Just like in recent history more science lead to the removal of lead in gasoline and paint. I personally don't drink the local water without reverse osmosis, filtering it first because I don't like the idea of putting "trace amounts" of carcinogens in mine or my kids bodies because some agency says the levels are "acceptable" and when very little information on what scientific studies were done for them to come up with what is "acceptable".

It also doesn't dispute the fact that our area has some of the highest concentration of PPM crap in our water than most of the nation. If you don't believe me buy a PPM pen off amazon (https://www.amazon.com/HM-Digital-TDS-EZ-Measurement-Resolution/dp/B002C0A7ZY) and test your water. Compare to the rest of the US: https://www.h2odistributors.com/pages/info/hard-water-map.asp My tap water usually tests between 300-350 PPM. That's beyond red for that water redness map there and doesn't accurately reflect what our area tests.

If more science comes up with a warning that we should probably be reverse osmosis filtering our water before drinking until they can fix the supply problem, I'm fine with that.
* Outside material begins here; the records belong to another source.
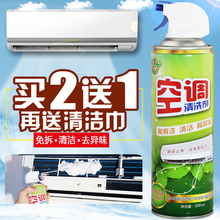 买2送2空调清洗剂家用挂机外机清洁剂翅片涤尘泡沫除菌清新剂除味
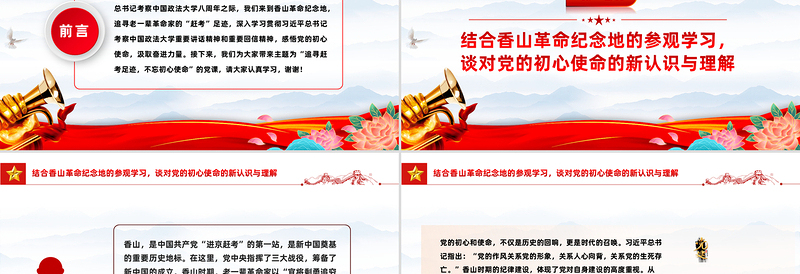 大气精美追寻赶考足迹不忘初心使命主题党课PPT课件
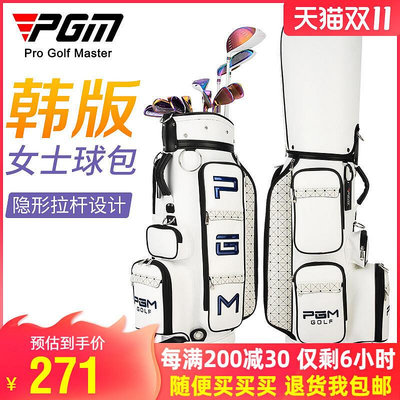 眾信優品 高爾夫球包女士拖輪包隱藏式拉桿包帶選配防水衣物包球桿袋GF2394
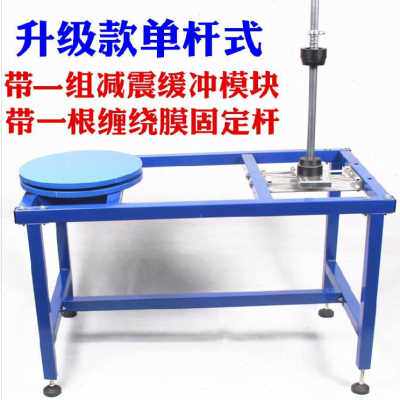 极速新品缠动纸绕机 缠绕膜n打包机 手绕膜机拉包机X打膜器自半动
At least the information is out there for us. If not, I guess maybe when people die early from some form of cancer because they thought people like me were crackpot conspiracy theorists arguing on what is "acceptable", I guess that's just Darwinism in action.

Make no mistake, there probably won't be an easy long term fix. There are massive differences in how we treat water here compared to other states. For example on how corners are cut here, compare what they have in California for their intake, a cement lined reservoir:
https://en.wikipedia.org/wiki/Silver_Lake_Reservoir

To ours, a dirt reservoir:
https://en.wikipedia.org/wiki/Lavon_Lake

Dirt brings algae and bacteria and drives TDS up. You have to treat that with Chlorine and other chemicals.

Just my 2 cents on why I drink RO water living here.